Our Framework Document sets out the broad governance framework within which The Crown Estate and the Treasury operate. It sets out:

  • The Crown Estate’s core duties and powers under the Crown Estate Act, 1961

  • the governance and accountability framework that applies between the roles of The Crown Estate and the Treasury

  • how the day-to-day relationship works in practice, including in relation to governance and financial matters, building upon the framework established by the Act.

The Crown Estate updates the Treasury with regular information, including the quarterly performance update supplied to the Board (comprising both financial and non-financial performance), information about significant business developments, details of the approved Business Plan and key targets, and information about any unusual or innovative proposals.  

The Crown Estate discusses with the Treasury its revenue targets for three years ahead and reviews them with the Treasury annually. The targets take account of the likely development of the income stream from The Crown Estate’s business units, as well as market and general economic conditions.

Currently (and until agreed otherwise to reflect changed market conditions), The Crown Estate measures its performance against:

  • the revenue targets agreed with the Board and discussed with the Treasury

  • an appropriate real estate market total return benchmark (MSCI) and bespoke milestones for its Marine business unit

  • sustainability targets updated from time to time as appropriate.

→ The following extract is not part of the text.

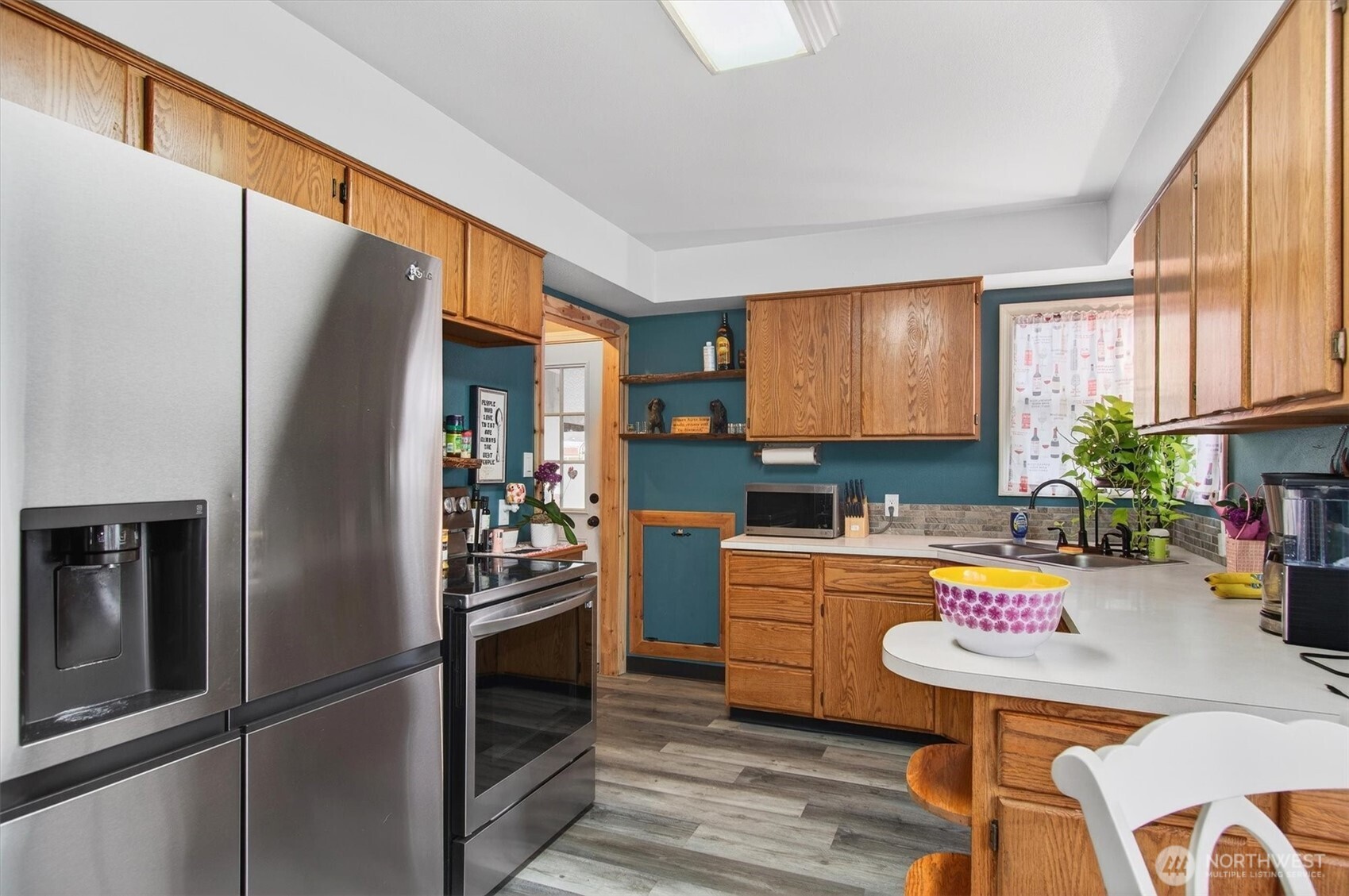 1210 8th Avenue Longview, WA 98632 - Photo 11 of 37 a kitchen with stainless steel appliances granite countertop a refrigerator and a stove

The Crown Estate’s staff are not civil servants. They are employees of The Crown Estate. The remuneration policy and framework for The Crown Estate’s staff is the responsibility of the Board’s Remuneration Committee, whose approach to remuneration packages is that they should:

  • promote the long-term interests of The Crown Estate, having regard to the duties of the Commissioners

  • be sufficient to attract and motivate high calibre individuals and skills

  • be structured to link remuneration of all employees to performance in line with The Crown Estate’s strategy and performance

  • be aligned with the objectives set out in the framework document

  • deliver value for money

  • take account of Managing Public Money principles

The current remuneration framework set by the Remuneration Committee and agreed by the Treasury is aligned to a structure that is common practice in private sector commercial organisations and consists of three broad elements: base salaries; annual performance bonuses; and a long-term incentive plan for the most senior, highest potential and value creating roles. Remuneration payable to The Crown Estate’s Commissioners is set by the Treasury.